Material for the task
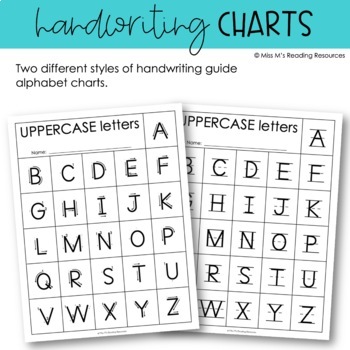 Calligraphy Alphabet Chart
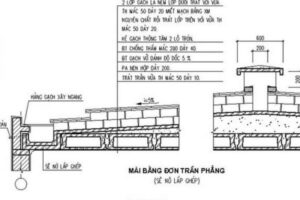 Mẫu nhà cấp 4 mái bằng đẹp hiện đại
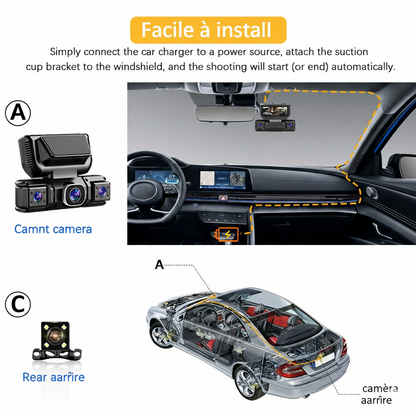 OmniGuard™ – La vision intégrale sur tous les fronts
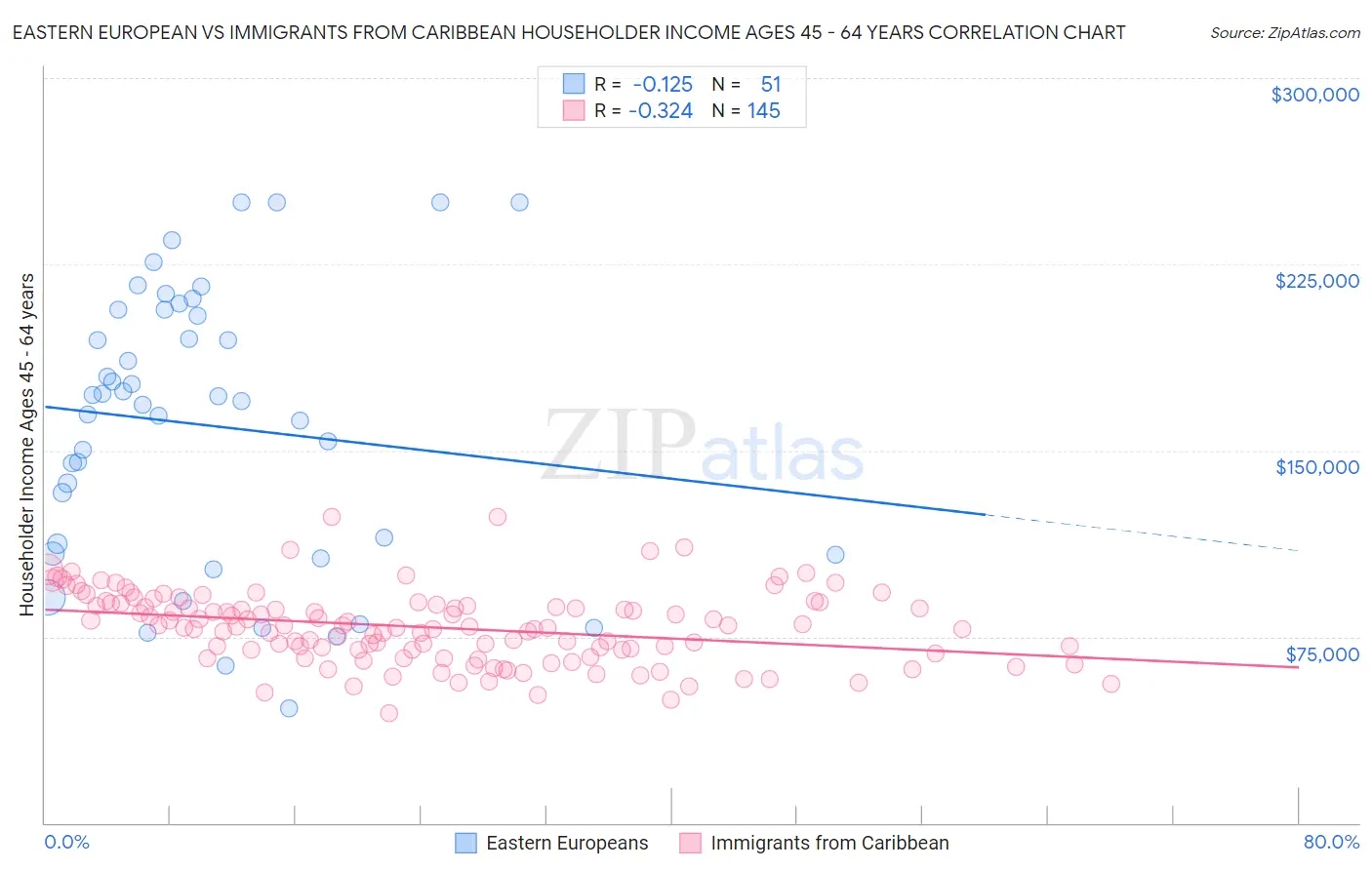 Eastern European vs Immigrants from Caribbean Householder Income Ages 45 - 64 years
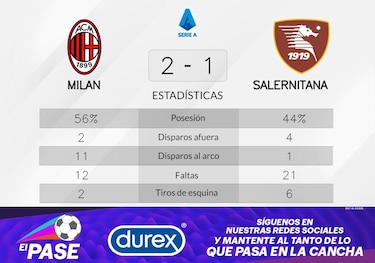 Milan gana a pesar de la recuperación de Salernitana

Exercise directions
Reproduce verbatim, and only, the lines starting at the one that contains "Mẫu nhà cấp 4 mái bằng đẹp hiện đại" and ending with the final line of the records; leave out the pictures.

Exercise solution
 Mẫu nhà cấp 4 mái bằng đẹp hiện đại
 OmniGuard™ – La vision intégrale sur tous les fronts
 Eastern European vs Immigrants from Caribbean Householder Income Ages 45 - 64 years
 Milan gana a pesar de la recuperación de Salernitana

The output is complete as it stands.